To show \(|g| < 1\), note that \(|g| = |(\beta - d)/(\beta + d)| < 1\) if and only if \(|\beta - d| < |\beta + d|\). Squaring both sides, this is equivalent to:

\[ |\beta|^2 - 2\operatorname{Re}(\bar{\beta}d) + |d|^2 < |\beta|^2 + 2\operatorname{Re}(\bar{\beta}d) + |d|^2 \]

which simplifies to \(\operatorname{Re}(\bar{\beta}d) > 0\). Since \(\operatorname{Re}(\beta) = -\kappa < 0\) and \(\operatorname{Re}(d) > 0\), we need to verify this condition. Writing \(\beta = \beta_r + i\beta_i\) and \(d = d_r + id_i\):

\[ \operatorname{Re}(\bar{\beta}d) = \beta_r d_r + \beta_i d_i \]

The sign depends on the specific parameter values, but the choice of branch \(\operatorname{Re}(d) > 0\) (the "Little Heston Trap" convention of Albrecher et al.) is precisely the one that ensures \(|g| < 1\).

For numerical stability at large \(\tau\): the formula \(\psi_2(\tau) = \frac{\beta - d}{\xi^2}\frac{1 - e^{-d\tau}}{1 - ge^{-d\tau}}\) involves \(e^{-d\tau}\). Since \(\operatorname{Re}(d) > 0\), \(|e^{-d\tau}| = e^{-\operatorname{Re}(d)\tau} \to 0\) as \(\tau \to \infty\). Therefore:

\[ \psi_2(\tau) \to \frac{\beta - d}{\xi^2} \cdot \frac{1 - 0}{1 - 0} = \frac{\beta - d}{\xi^2} \]

The denominator \(1 - ge^{-d\tau}\) stays bounded away from zero because \(|ge^{-d\tau}| \leq |g| < 1\). This prevents division by zero or exponential blowup, ensuring the formula is numerically stable for all maturities.

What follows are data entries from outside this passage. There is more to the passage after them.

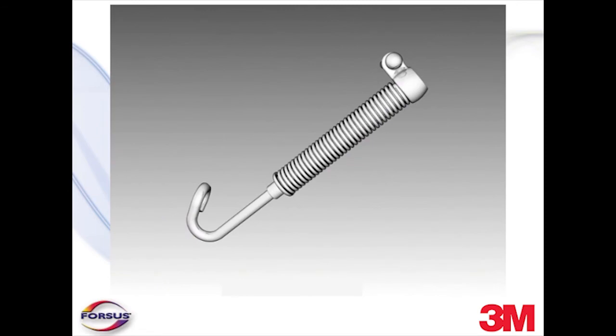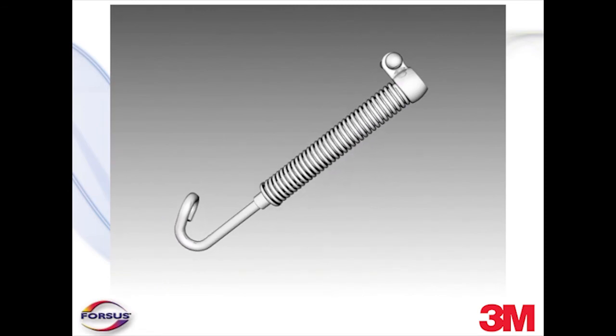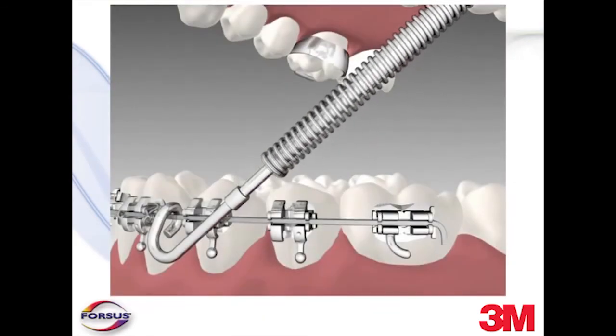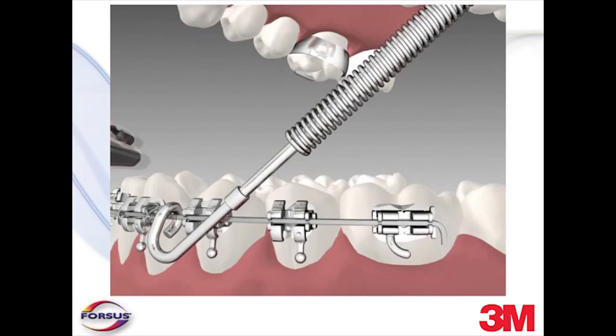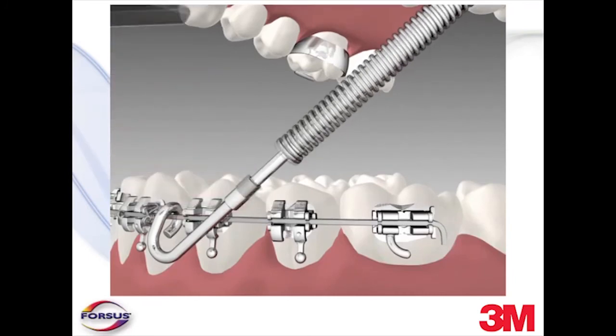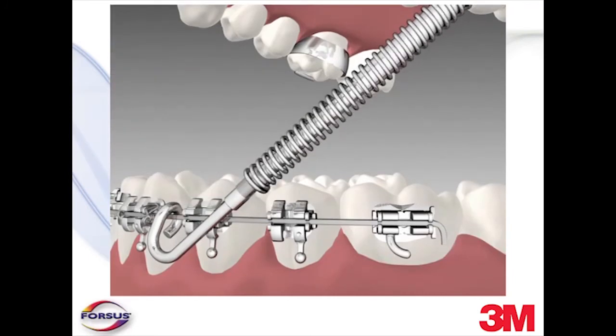Over time, as the Class II malocclusion is corrected, the spring deflection is reduced. To reactivate the spring module, use the split crimps provided by the Forces corrector kit. Compress the spring so that the pushrod is exposed and place the split crimp distal to the stop on the pushrod. Secure the crimp onto the pushrod — this will provide two millimeters of activation. If greater activation than two millimeters is required, replace the pushrod with a longer pushrod.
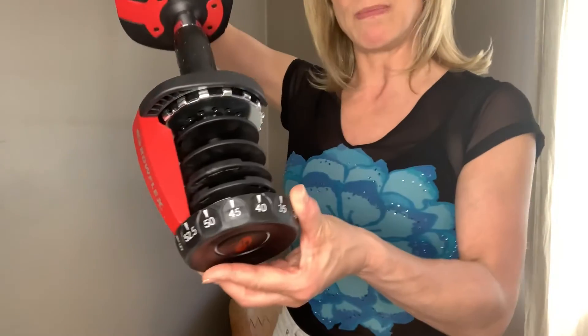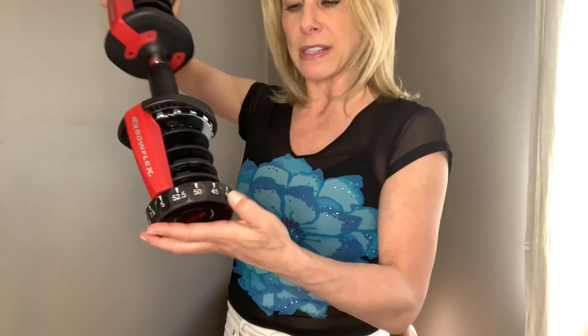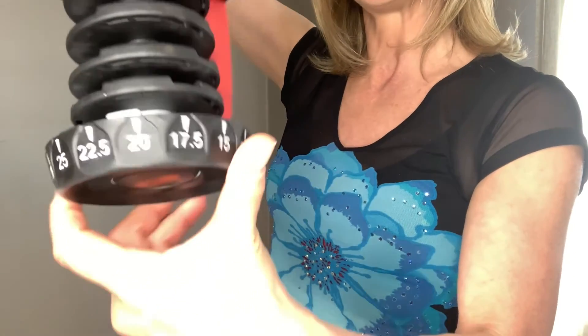I'm going to show you how it works. This is the piece and I have it on five pounds right now. You put this into the other part — I'll show you in a second — and you turn it, and it's got all your different weights right here. It's Bowflex.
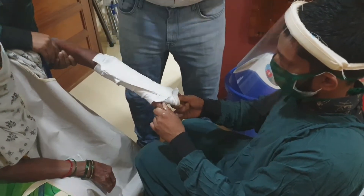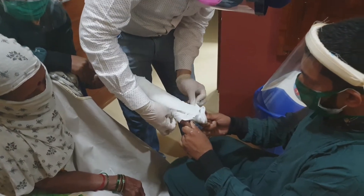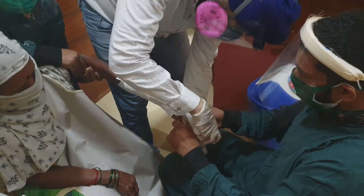Recently, some articles have suggested not to give ulnar deviation — it is a personal preference. After reduction, you can either give a slab or a cast depending on the swelling.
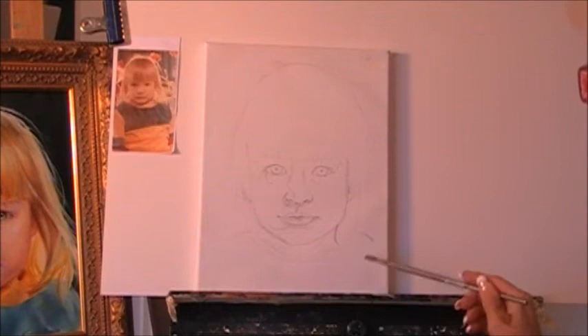Before I start my painting, I set all the bubbles of the canvas first with the sandpaper.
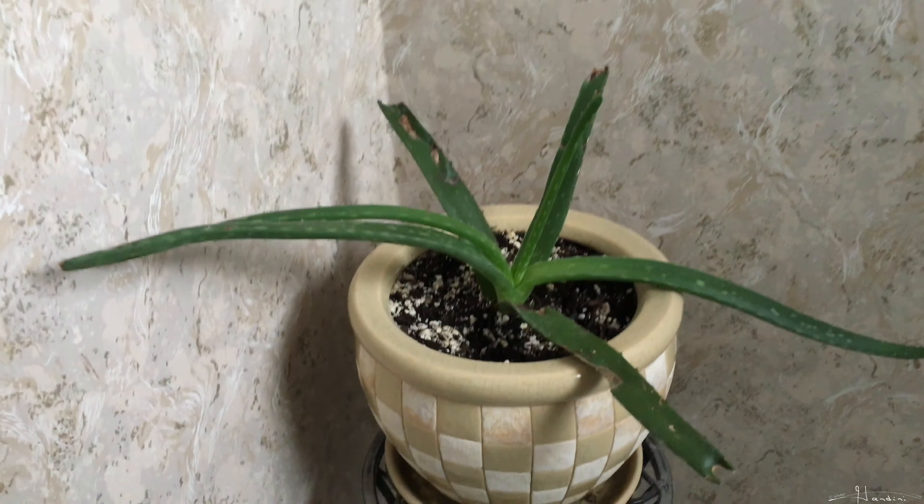I bought this aloe plant two and a half months ago and it already had some dying leaves. I didn't buy it from Walmart or anywhere where they were just lush and beautiful.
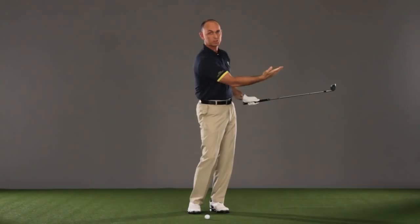Here's what it looks like: set up, open your foot slightly so your buttons are pointed in front of the ball, take your setup so you've got the cup, take the club back and simply release it, keeping the face open. Try that and it'll help you hit those nice soft shots around the green.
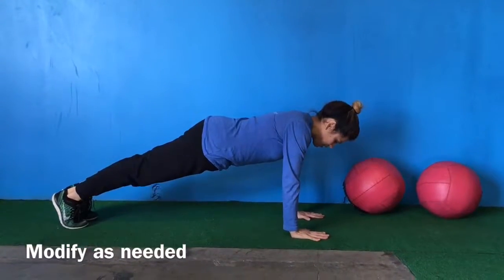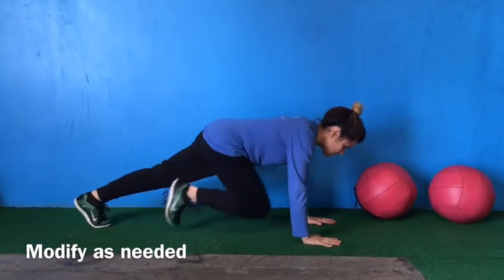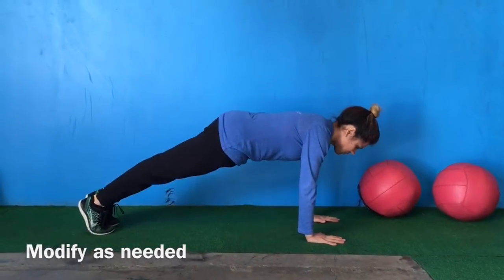This core exercise you're going to do mountain climbers. You want to make sure to keep your back and your neck straight and aligned. You will bring your knees up to your chest. You can modify this move by bringing your knees up to your chest slowly.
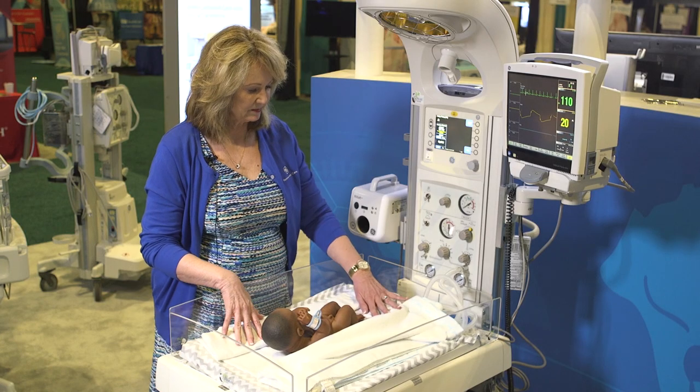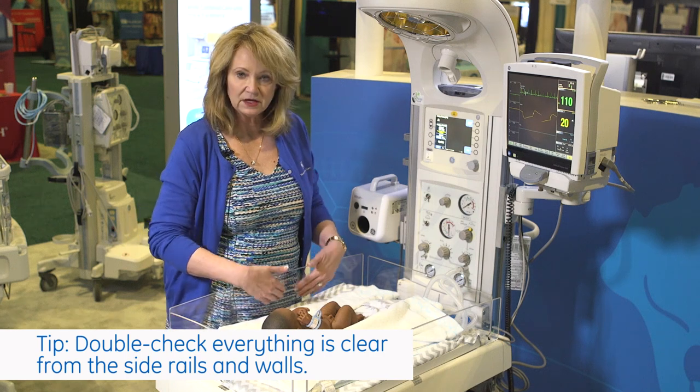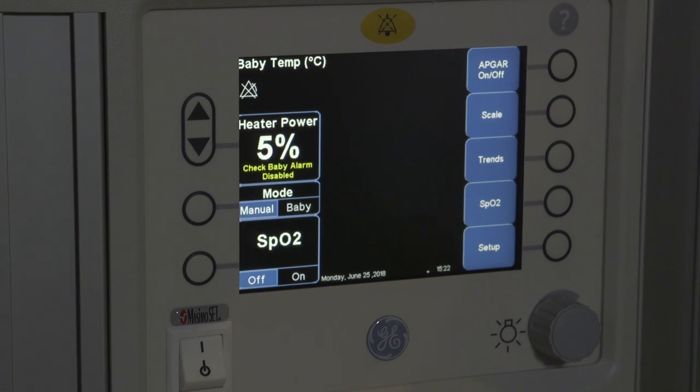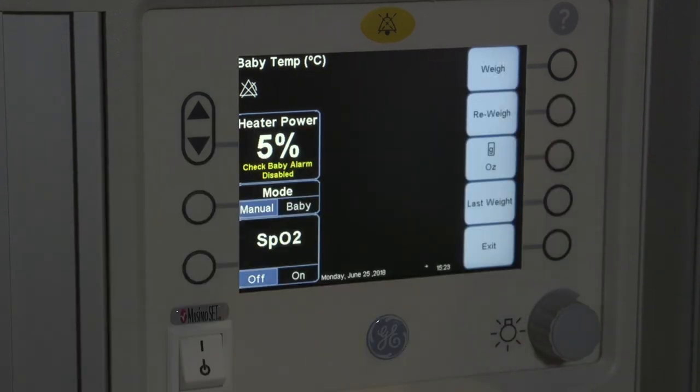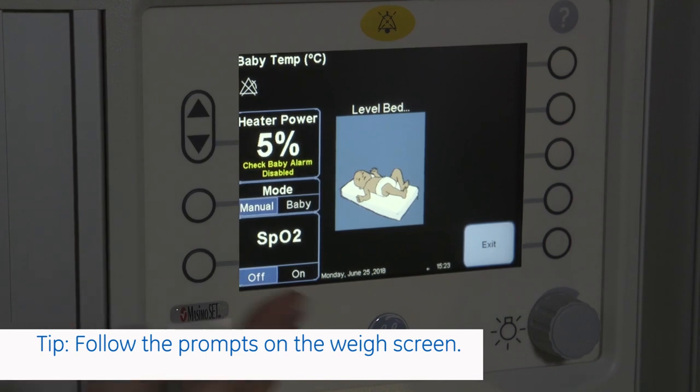Once your bed is level and everything is cleared away from the sidewalls, then you can go to Menu, find your Scale, and then go to Weigh. The prompts will guide you through weighing the baby.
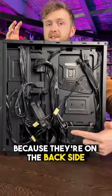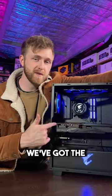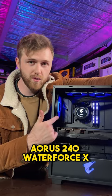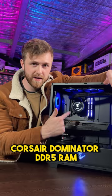The motherboard connectors are hidden because they're on the back side. We built this PC for Jordan and to stick with the Gigabyte Aorus theme we've got the Aorus 240 Water Force X liquid cool with an LCD screen, and we've finished off the PC with some Corsair Dominator DDR5 RAM.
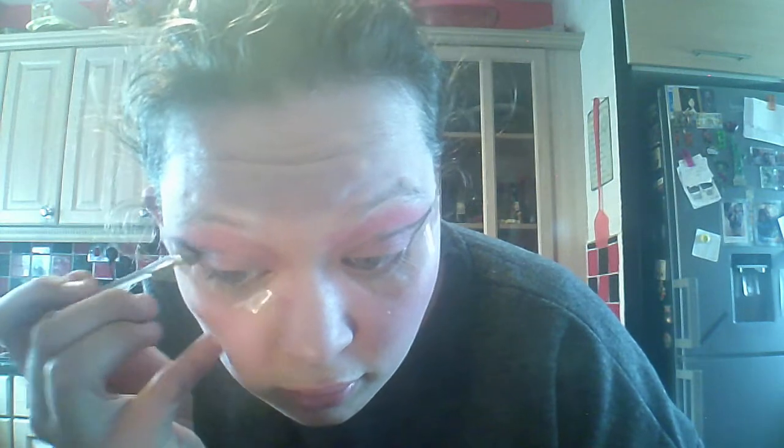It's fine because I'm going to put 'makeup fail' in this. Now you want to kind of just fill in the triangle but don't go past the corner of your eye. Oh my god this looks absolutely horrendous. And you're going to peel away - that is a nice clean cut.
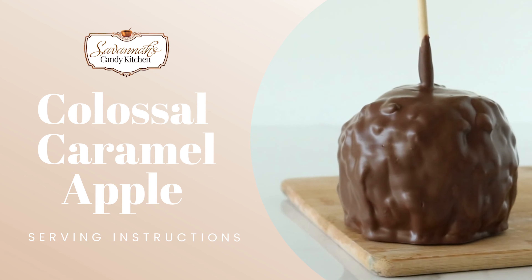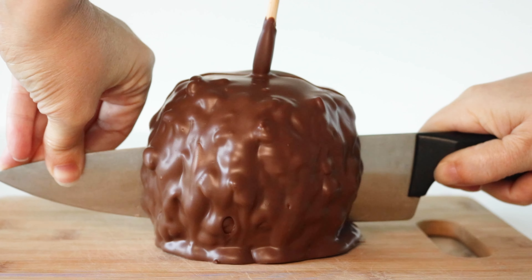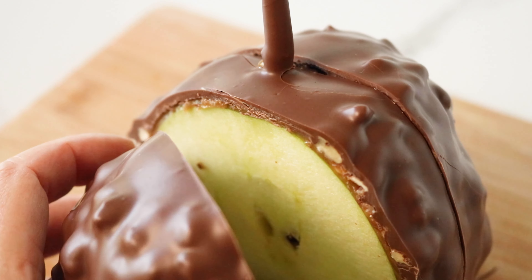Welcome to our quick guide on how to slice our colossal caramel apples. Place your knife about an inch from the stick and gently slice down through the caramel apple. Now repeat the same slice on the opposite side.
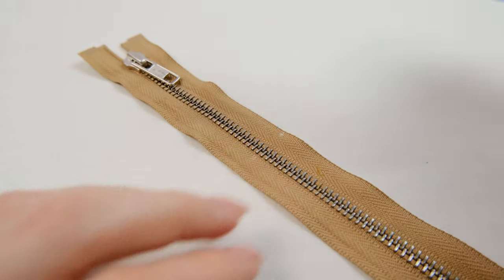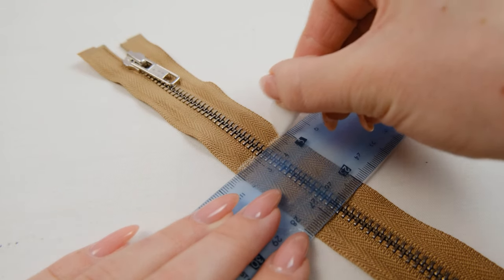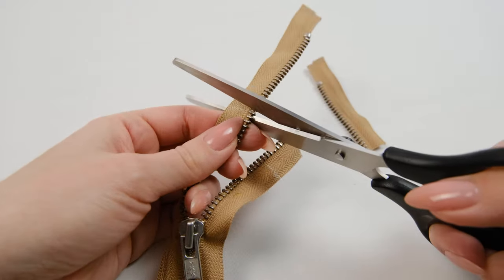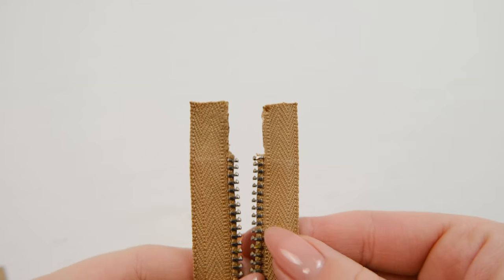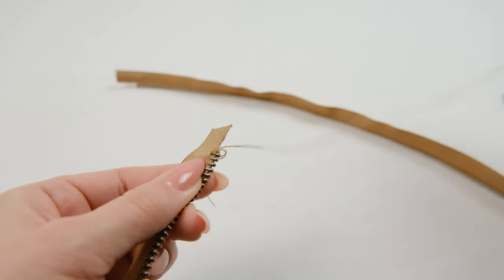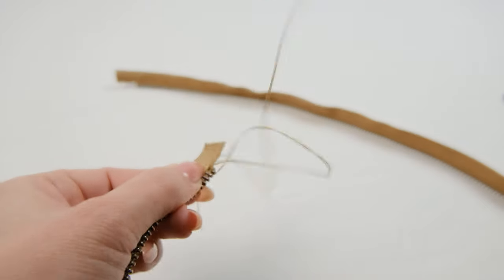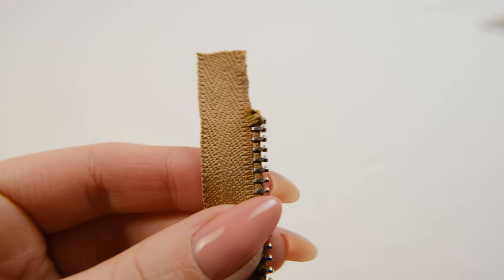Now we can sew on the zipper, but first I need to shorten it because it's too long. Zippers are always shortened from the top, so I'm going to mark the length I need and add an extra 2cm, then cut it off. These extra 2cm need to be cleared of teeth — this can be done with pliers, but I removed them with a hammer. To prevent the zipper slider from sliding off, I'm going to take a needle with thread and close the last tooth of the zipper, forming a bump of threads on it. I did the same thing with the other part of the zipper.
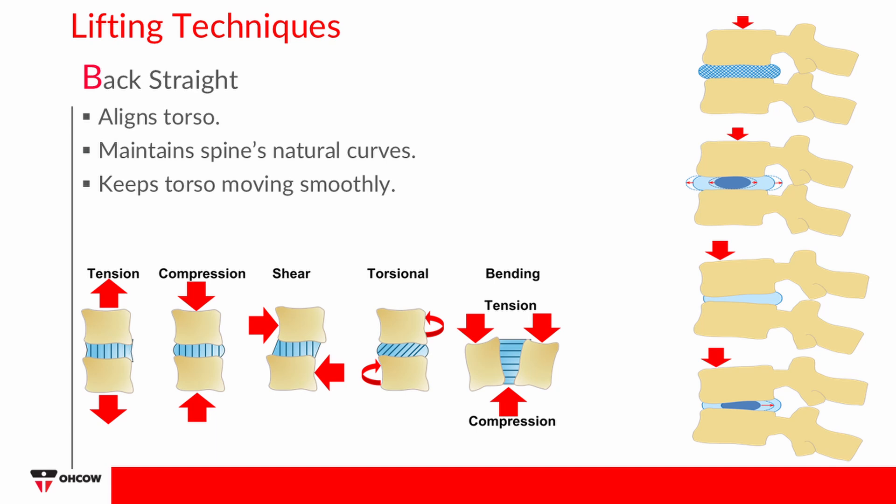Performing lifts with a flexed lumbar spine — meaning bent forward at the waist — can increase the stress on the intervertebral discs of your lower back. Discs are weaker when lifting from a flexed position, so you want to maintain the spine's neutral curves. Injuries associated with a deviation from a neutral spinal position usually result from repetitive procedures.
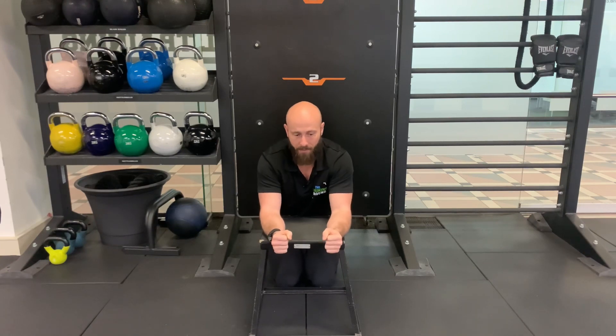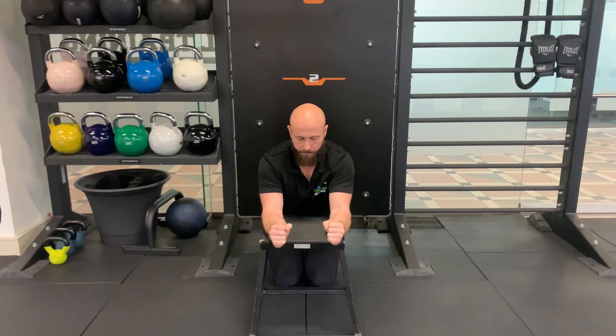Wrist glides, or up-downs. Down and up, there's one, two, three, four, five, six, seven, eight, nine, 10.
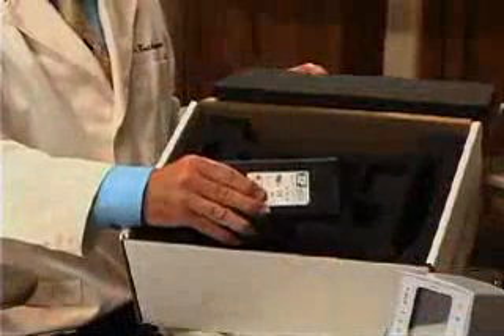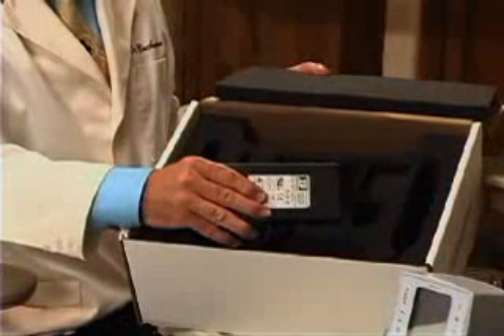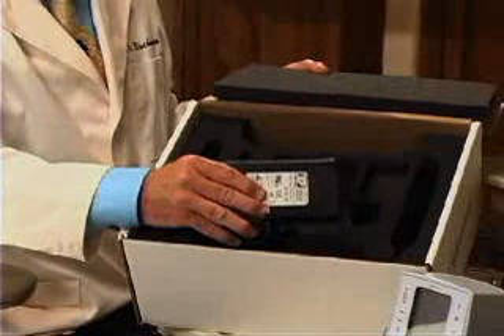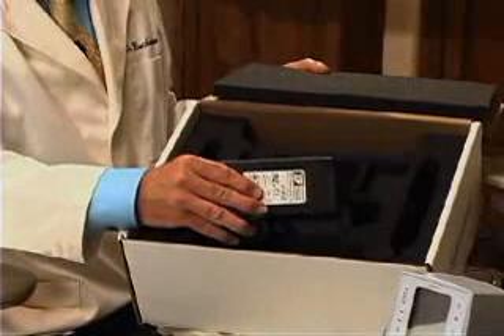This is the DC converter. I usually put that behind the cabinet or in a place that doesn't show. It provides low-voltage current to your System B elements unit so that it's safer in the operating environment.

Exercise 7. Compare the Heston model to the Black-Scholes model as affine processes: both are \(A_1(2)\) and \(A_0(1)\) respectively in the Dai-Singleton classification. List the additional parameters that Heston introduces and explain what degree of freedom each one captures in the implied volatility surface.

Solution to Exercise 7

Black-Scholes is an \(A_0(1)\) model with state \(X_t = \log S_t\) and a single parameter \(\sigma\) (constant volatility). Heston is an \(A_1(2)\) model with state \((X_t, V_t) = (\log S_t, V_t)\) and introduces four additional parameters beyond \(\sigma\):

Parameter Role in Implied Volatility Surface
\(V_0\) (initial variance) Sets the ATM level of implied volatility at short maturities. Replaces the constant \(\sigma^2\) of Black-Scholes.
\(\theta\) (long-run variance) Controls the ATM level at long maturities. The implied volatility term structure converges toward \(\sqrt{\theta}\) as \(T \to \infty\).
\(\kappa\) (mean-reversion speed) Governs the term structure of the smile: how quickly the implied volatility surface transitions from \(\sqrt{V_0}\) (short end) to \(\sqrt{\theta}\) (long end). Large \(\kappa\) flattens the smile faster across maturities.
\(\xi\) (vol-of-vol) Controls the curvature (convexity) of the smile at each maturity. Higher \(\xi\) produces fatter tails and a more pronounced smile (higher ATM butterfly spread).
\(\rho\) (correlation) Controls the skew (slope) of the smile. Negative \(\rho\) tilts the smile so that low-strike implied volatilities exceed high-strike ones.

In summary, Black-Scholes produces a flat implied volatility surface (one number for all strikes and maturities), while Heston uses five parameters (\(V_0, \theta, \kappa, \xi, \rho\)) to generate a surface with non-trivial strike dependence (smile/skew) and maturity dependence (term structure), matching the key features of observed equity option markets.